#ubuntu-us-la 2012-03-16
<haz3lnut> why is this channel still so small?
<haz3lnut> Ubuntu should be taking over the world by now.
<haz3lnut> anyone here?
<haz3lnut> Ok Rob, I'll stay for a bit. But I might be sleeping by the time someone else comes on :-)
<Robdgreat> hello
<Robdgreat> this channel used to be quite a bit more active than it has been in recent (quite a few) months
<haz3lnut> zzzz
<haz3lnut> lazy suthinahs :-)
<haz3lnut> We live in the wrong state
<haz3lnut> Headed to bed, will check back in the AM.
<Robdgreat> yo yo yo yo
<r2d2rogers> haz3lnut: you about?
<Robdgreat> !
<Robdgreat> holy crap it's a Rogers
<r2d2rogers> howdy
<r2d2rogers> I think I'm gearing up for a baord game night instead of a minecraft one.
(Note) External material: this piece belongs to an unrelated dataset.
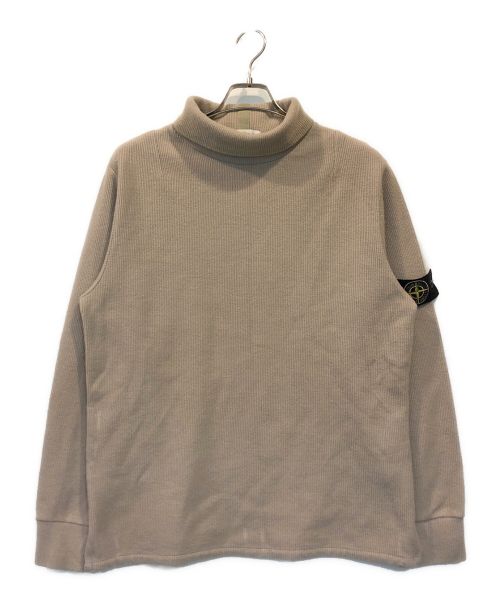 STONE ISLAND（ストーンアイランド）STONE ISLAND (ストーンアイランド) Ribbed Mock Neck Knit Jumper ベージュ サイズ:Lの古着・服飾アイテム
<Robdgreat> well phooey on you then
<Robdgreat> I'm not home tonight, anyway, and likely won't be on, but who knows
<Robdgreat> I might pop on from the laptop from my friend's place (though probably not - I think he's itching to finish the printer) and lay down some stone
<r2d2rogers> cool, I'll see if I'm right on the less computer time for my boys
<haz3lnut> I'm about now :-)
<haz3lnut> Had to pick up daughter from school.
<haz3lnut> Now I gotta go make her some soup.
<Robdgreat> >.>
<Robdgreat> darn, missed another 2.3 second window
<haz3lnut> back :-)
<haz3lnut> How is everyone?
<r2d2rogers> LOL
<r2d2rogers> wow